Building Data Science Teams: A Practical Guide

December 18, 2019 Lu Wang

Data science is hard, and data scientists are hard to hire. Data science teams often arrive at traditional companies with great fanfare and even greater promises. But without the right structure in place, you may find your team’s data quality demands surprising, their work outputs difficult to interpret, and their models difficult to deploy. If you've been tasked with building a data science team, it's critical to make sure that all roles and responsibilities are clearly defined—and your team is set up to succeed.

Building Data Science Teams: Content Summary
What Does a Good Data Science Team Look Like?
Determining Demand For Your Data Science Team
Investing in the Path To Data Science
Failure Models and Their Root Causes
Conclusion

Summary

Data science initiatives fail when data management and data quality are poor.

Without the support of data analysts and data engineers, data scientists will not be able to get your data into the format they need to do real data science and successfully deploy the solutions that they build.

To unlock the most value from your data science strategy and initiatives, focus on filling all required functional roles—and defining intentional relationships between your data science team and non-data science stakeholders in other teams.

By reading this article, you will find out:

  • What data science team roles you’ll need to fill and what capabilities to look for
  • How to structure your data science team and its interfaces with engineering and stakeholders
  • How to triage your data science team’s problems and connect them to personnel gaps

What Does a Good Data Science Team Look Like?

Let’s start with a comprehensive view of what a data science department looks like.

A data science team helps the company by assisting in data-driven decision making, improving operations, monitoring KPIs, and automating complex processes.

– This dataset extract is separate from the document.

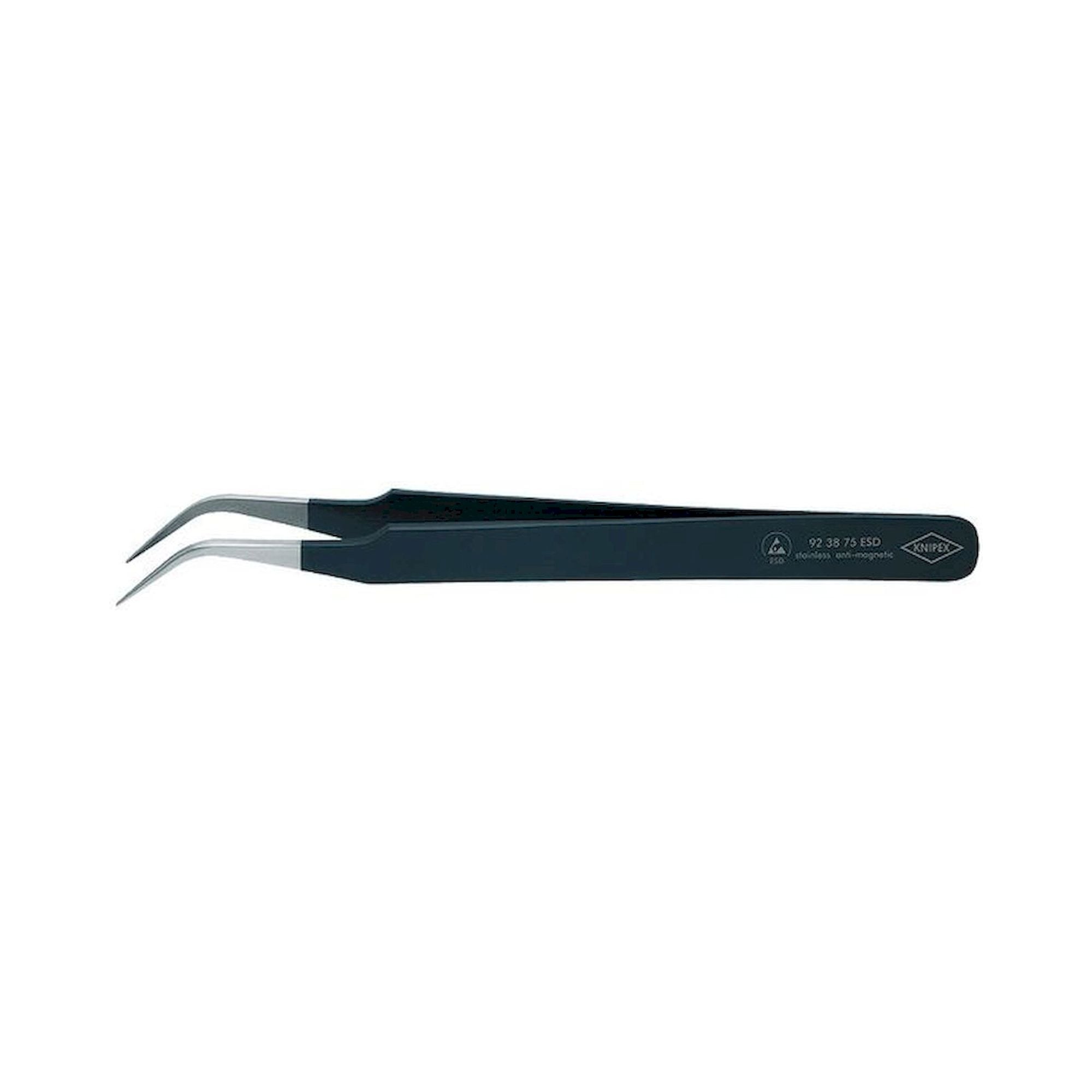 Knipex 92 38 75 ESD. ESD precision tweezers, sickle-shaped, 120 mm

One good data science team can serve several external teams. Working with them feels like ::happiness::

Structurally, there are five data science team roles you’ll need to fill. You’ll also need to build three external relationships.

1. Analytics Lead: Your analytics lead will prioritize, structure, and frame initiatives according to their business, strategic, or monetary impact and manage data team resources. He or she will receive results with interpretations from your data scientists and analysts—and interface with executive stakeholders, using these results to support data-driven decisions, operational improvements, and process and outcome monitoring.

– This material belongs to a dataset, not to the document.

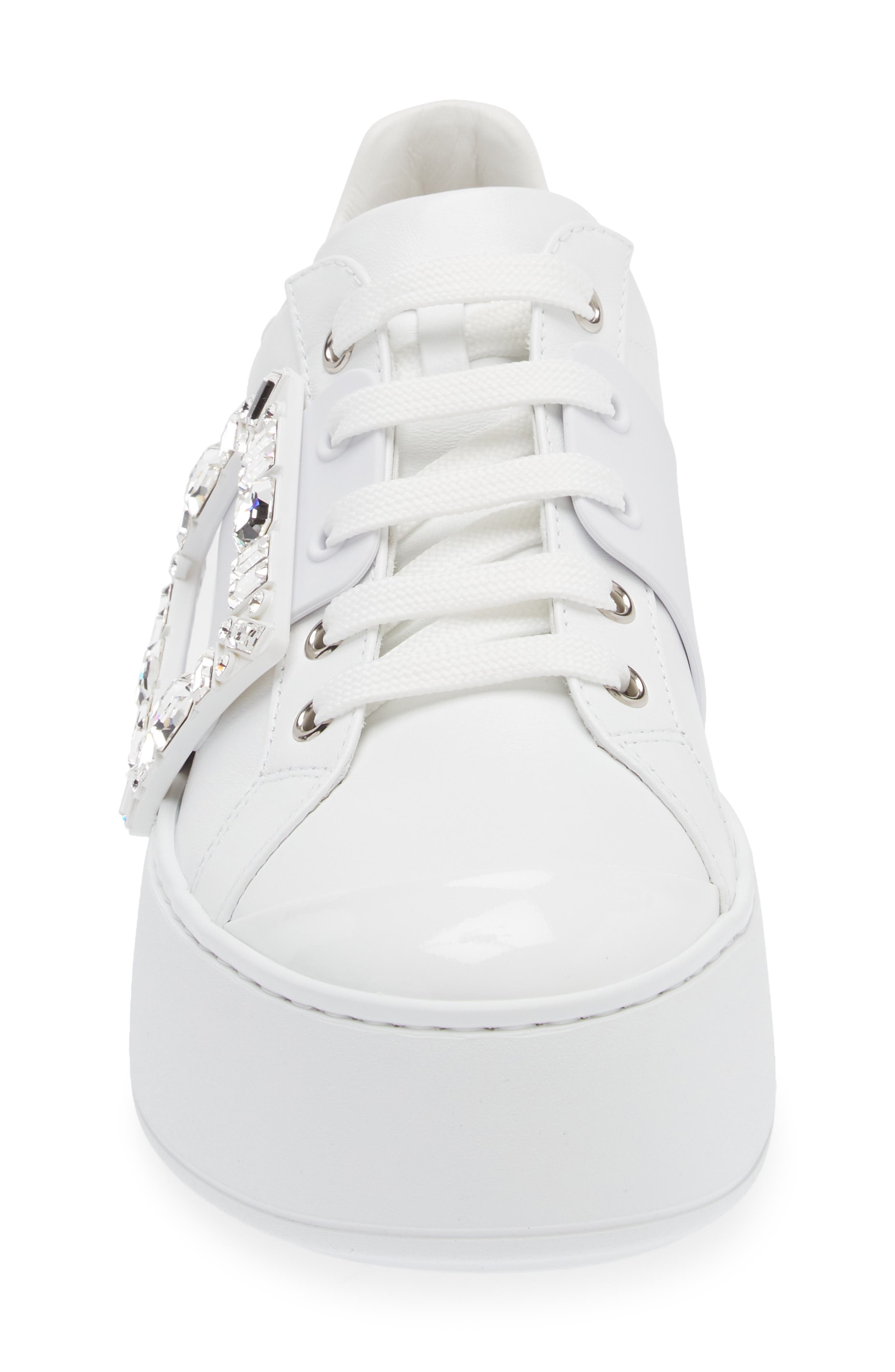 Roger Vivier Viv Skate Platform Sneaker in Bianco at Nordstrom - 4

2. Data Engineer: Your data engineer will provide properly cleaned and transformed data to the rest of the data science team. He or she will also coordinate with the rest of your engineering team to make sure your data science team has access to the right databases, servers, and tools.

3. Data Scientist: Your data scientist will determine which problems are suitable for modeling approaches. He or she will perform data modeling tasks and interpret the corresponding results.

4-5. Analyst Team: Your analyst team will carry out analyses. They’ll conduct descriptive statistics and organize, manage, and analyze any A/B tests the data science team conducts. Reporting analysts may prepare outputs for external teams (and can serve several different external teams) and are staffed with the following roles:

  • Quantitative Data Analyst: Your quantitative data analyst will create data assets that are used by the data science team and will often be in charge of experiments and statistical analyses.
  • Reporting Analyst: Your reporting analyst will produce reports and other data assets that serve as inputs for other teams’ operations.

Here’s how this looks in practice:

chart: data science team roles and responsibilities

Determining Demand For Your Data Science Team

A successful data science team can serve several external teams. Your data science team is functioning well if it enables external teams to make operational and process improvements by, for example, using models to automate key processes, absorb increased complexity without requiring more operational resources, and reduce the time it takes to produce KPI reporting.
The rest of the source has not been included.